We then implement much of the behavior at the virtual machine state level, instead of directly in C++.

Now I am not saying that this is wrong. What I am saying is that we should be clear about why we do it. However having said that, I do feel there are some major disadvantages to typically observed solutions to this problem:

If you use a scripting language, you now have to work in two codebases and two languages instead of one
If you use data trees, you have to develop a lot of tools just to be able to visualize what is going on, or use a domain specific language to populate the data tree.
It adds a lot of complexity to your project
It can have major performance costs (I do wonder sometimes about programmers who obsess about virtual function calls, but are quite happy to have the gameplay code running in Lua, Lisp or Python)
You need to inevitably duplicate some code between the two languages
Debugging can often be difficult if you do not spend time developing debugging tools
If you do this without having an architecture to manage it, the code will quickly become a spaghetti.

What I want to do is simply write everything in C++… or to get as close to this as possible… and still have my codebase manageable. This is what my PROC system aims to do.

Coroutines: The Starting Point of PROC

Around 1992, I invented for myself a concept actually previously invented in the 1960’s called coroutines. I had no idea of this of course. The internet as we know it today did not exist, and it was actually quite hard to get information on programming other than with paper books. Research was difficult, and so many of us pioneers (you can forgive me labeling myself as such I hope) had to invent things for ourselves.

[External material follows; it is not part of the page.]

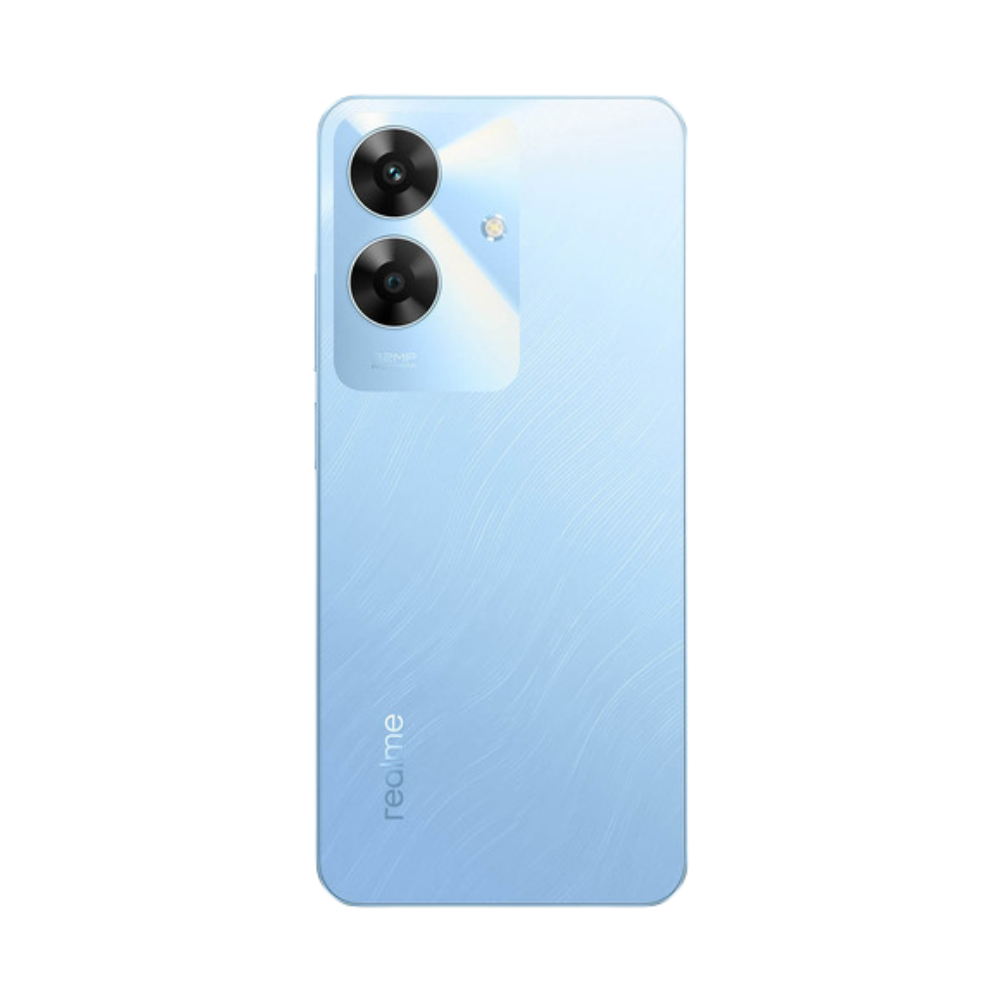 Realme 4G Note 60 | RMX3933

The assembler I used was that which came with the AZTEC C compiler. This was a macro assembler; this meant it had a macro capability similar to that of the C pre-processor. I used this to solve a problem. It was really bugging me that if I had a sequence of states that need to be executed one after the other (for example the loop in the previous diagram) I would have to encode this with a unique state number for each stage. It made for a lot of clumsy code.

: Part of a flat state machine for handling animations

In the diagram above, you can see an example of what I mean. I am showing three states of the flat state machine for the AI of a game entity which are all concerned with playing an animation. It’s a fictitious example to demonstrate a point. Note that there are two levels of state here: the state of the CPU (it’s a flowchart and in effect where you are pointing with your finger as you trace it is where the program counter is). The second level of state is the state variable. To start playing the animation, some other code in the game will set that state to 5 to commence playing the animation.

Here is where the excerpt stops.